EL Athletic concluyó la temporada con una enorme sensación de satisfacción. Estaba la gente encantada en San Mamés, con ganas de ofrecerle a Carlos Gurpegi una despedida monumental, sobre todo cargada de cariño, y con esa predisposición fue la hinchada a La Catedral. Es curioso el caso del recio navarro. No ha sido un futbolista excelso, ni mucho menos. Ni dejará una huella indeleble por un momento culminante, pongamos a Endika y aquel gol que anotó en la final de Copa de 1984 frente al poderoso Barça de Maradona y Schuster. Todo lo contrario: Carlos Gurpegi pasará a la posteridad como protagonista de uno de los episodios más oscuros y lamentables en la historia del club rojiblanco, un caso de positivo por dopaje que se cerró en falso dejando en el aire la sensación de que Gurpegi fue la única víctima, pero no el responsable. A lo largo de los cuatro años que duró el proceso, el defensa tuvo que escuchar por esos campos todo tipo de improperios; injurias que continuaron tras cumplir la sanción. Un auténtico calvario que el mozo navarro vivió con estoica actitud, prueba evidente de su carácter y fortaleza interior. En cierto modo, la afición del Athletic también se sintió ofendida por tamaño atropello, así que arropó a Gurpegi con especial mimo, como si fuera una criatura desvalida y zarandeada por el injusto azar, y sin embargo el hombre estaba hecho por dentro de acero, y por fuera de carne, tantas veces rota en defensa de los colores rojiblancos. También por desagravio la hinchada le despidió como le despidió: con amor verdadero.
Durante estos días he leído y escuchado el concepto mito asociado a su nombre, y yo no veía al mito por ningún lado. No ha sido Gainza, ni Iribar. Un excelente soldado sí, pero ¿mito? Repaso el diccionario y leo en su tercera acepción: Persona o cosa rodeada de extraordinaria admiración y estima. Ahora entiendo. También se puede ser mito sin haber movido montañas o realizado hazañas extraordinarias. El compromiso, la tenacidad o el compañerismo en lo cotidiano también otorgan carta de naturaleza.

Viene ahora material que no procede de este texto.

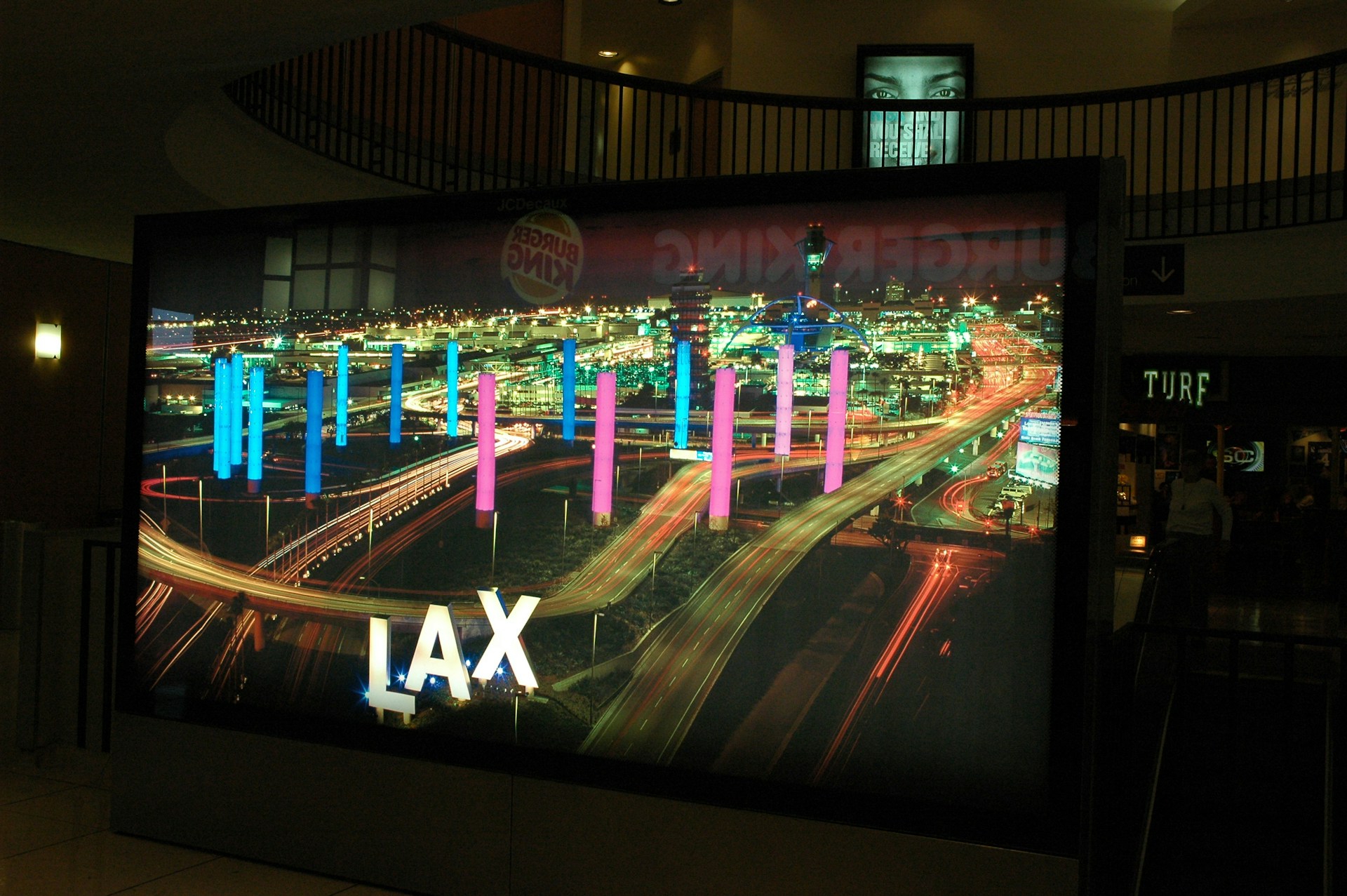 reflection of LAX sign at the International Airport, with columns of pink and blue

Así que la afición estaba encantada: el Athletic ganaba con suficiencia al Sevilla, que si bien tenía la cabeza puesta en esas dos finales, tampoco vino a echarse la siesta. Aduriz anotó dos goles y los celebró apretándose la nariz, nariz de boxeador. Todos entendimos: va por ti, amigo.
Gurpegi se retira con 35 años, los mismos que tiene Aduriz, que sin embargo ha culminado la temporada más rica de su dilatada trayectoria. Uno lo deja porque el cuerpo ya no está para muchos trotes, al menos para rendir al nivel exigible en un equipo como el Athletic, y otro está a punto de disputar la Eurocopa, consecuencia de su procelosa capacidad goleadora, amén de otra serie de artimañas (es lo que tiene ser perro viejo) que hacen de Aduriz un futbolista valiosísimo. Raúl García marcó el tercero (no me extrañaría que también esté en la lista de Vicente del Bosque), pero ni por esas, ni a petición popular, que la gente estaba cachonda con su ausente presencia, Unai Emery sacó a Fernando Llorente. Arremolinado en el banquillo, sin sitio ni en una alineación de suplentes, ¿qué pensamientos surcaron la mente del delantero riojano? ¿Sentiría sana envidia de la exaltación a Gurpegi? ¡Qué no habría dicho y hecho de él la parroquia rojiblanca si hubiera optado por quedarse! o tan solo, simplemente, haberse abstenido de engañar y mentir. Estará ganando Llorente mucho dinero sin darle un palo al agua (hay que tener arte para eso) pero no quedará como un mito para la posteridad de ningún club, y menos en el Athletic, entrando por derecho en la galería de los olvidados.
Aduriz acabó la liga ganando el trofeo Zarra al máximo goleador estatal, unas de las razones que impulsaron al Betis a competir de verdad con el Getafe, que se jugaba la vida: que Rubén Castro pudiera igualar al menos los 20 tantos del delantero donostiarra. La afición bética, además, apretó a sus jugadores: la tiene tomada con el equipo madrileño por cuitas pasadas y encima está hermanada con la sportinguista. Juan Merino, su técnico, puso sobre el césped lo mejor que tenía. En cambio, Marcelino, el del Villarreal, alardeó de gijonés, anunció a los cuatro vientos su deseo de salvación para el Sporting y alineó en El Molinón a un equipo cuajado de suplentes. El reputado Villarreal cayó sin resistencia. Y ahí le vemos al Pitu Abelardo, henchido de gozo. Pero qué cabrón es a veces el fútbol.